6.824 - Spring 2013

6.824 Lab 1: Lock Server

Due: Feb 11, 5:00pm

Introduction

The labs in 6.824 will give you experience designing, building, and debugging distributed systems. The labs will focus on fault tolerance, since that is perhaps the most difficult and important aspect of distributed systems.

In this lab you'll build a lock service that can keep operating despite a single "fail-stop" failure of a server. Clients will talk to your lock service via RPC. Clients can use two RPC requests: Lock(lockname) and Unlock(lockname). The lock service maintains state about an open-ended set of named locks. If a Lock(lockname) request arrives at the service and the named lock is not held, or has never been used before, the lock service should remember that the lock is held, and return a successful reply to the client. If the lock is held, the service should return an unsuccessful reply to the client. If a client sends Unlock(lockname), the service should mark the named lock as not held. If the lock had been held, the service should return a successful reply to the client; otherwise an unsuccessful reply.

Your lock service will be replicated on two servers, a primary and a backup. If there has been no failure, clients will send lock and unlock requests to the primary, and the primary will forward them to the backup. The point is for the backup to maintain state identical to that of the primary (i.e., the primary and backup states should agree about whether each lock is held or free).

The only failure your system is required to tolerate is a single fail-stop server failure. A fail-stop failure means that the server halts. There are no other kinds of failure in this lab (for example, clients don't fail, the network doesn't fail, all network messages to non-crashed servers are delivered, and a server fails only by halting, not by computing incorrectly). Servers are never repaired in this lab -- once a primary or backup has failed, it will stay failed.

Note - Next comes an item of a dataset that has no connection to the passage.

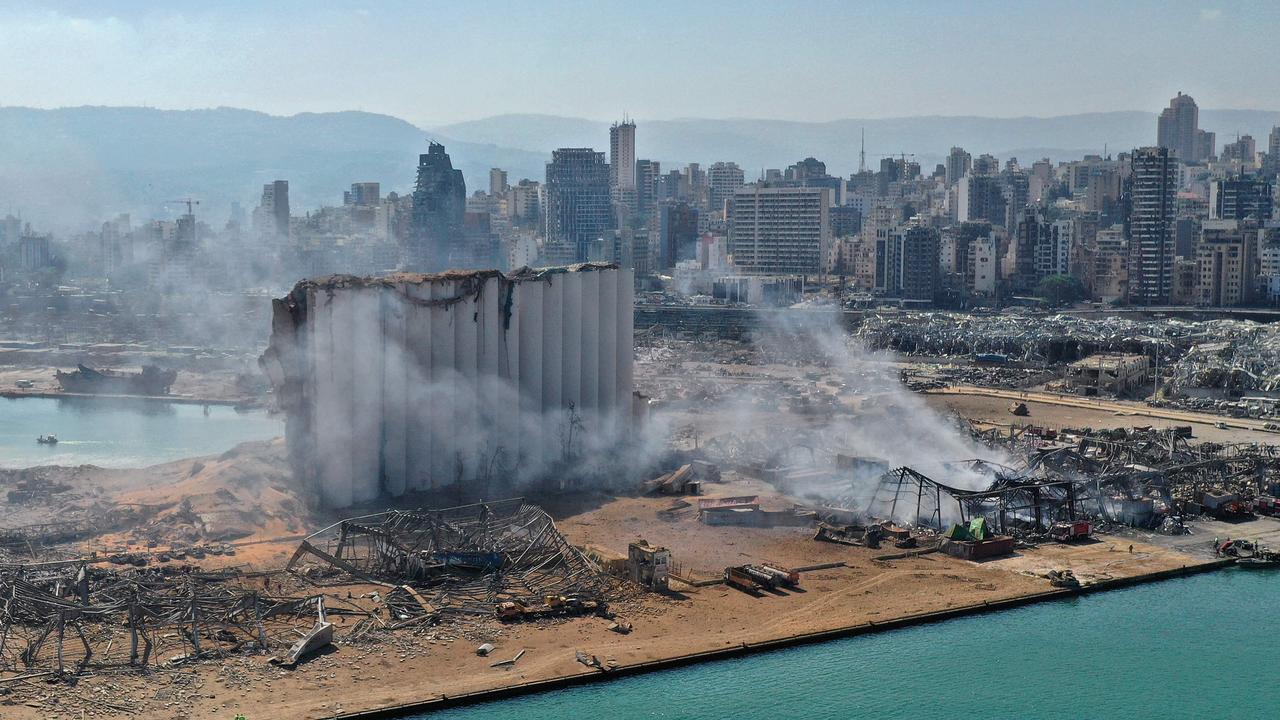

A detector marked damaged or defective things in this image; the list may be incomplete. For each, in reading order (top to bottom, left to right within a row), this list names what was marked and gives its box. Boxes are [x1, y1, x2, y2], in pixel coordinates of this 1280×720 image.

If a client cannot get a response from the primary, it should contact the backup instead. If the primary cannot get a response from the backup while forwarding client requests, the primary should stop forwarding client requests to the backup.

The failure model in this lab (no network failures, no server repair) is so restricted that your lock service won't be much use in practice; subsequent labs will be able tolerate a much wider range of failures.

Collaboration Policy

You must write all the code you hand in for 6.824, except for code that we give you as part of the assignment. You are not allowed to look at anyone else's solution, and you are not allowed to look at code from previous years. You may discuss the assignments with other students, but you may not look at or copy each others' code. Please do not publish your code or make it available to future 6.824 students -- for example, please do not make your code visible on github.

Software

You'll implement this lab (and all the labs) in Go. The Go web site contains lots of tutorial information which you may want to look at. We supply you with a partial lock server implementation (just the boring bits) and some tests.

You'll fetch the initial lab software with git (a version control system). To learn more about git, take a look at the git user's manual, or, if you are already familiar with other version control systems, you may find this CS-oriented overview of git useful.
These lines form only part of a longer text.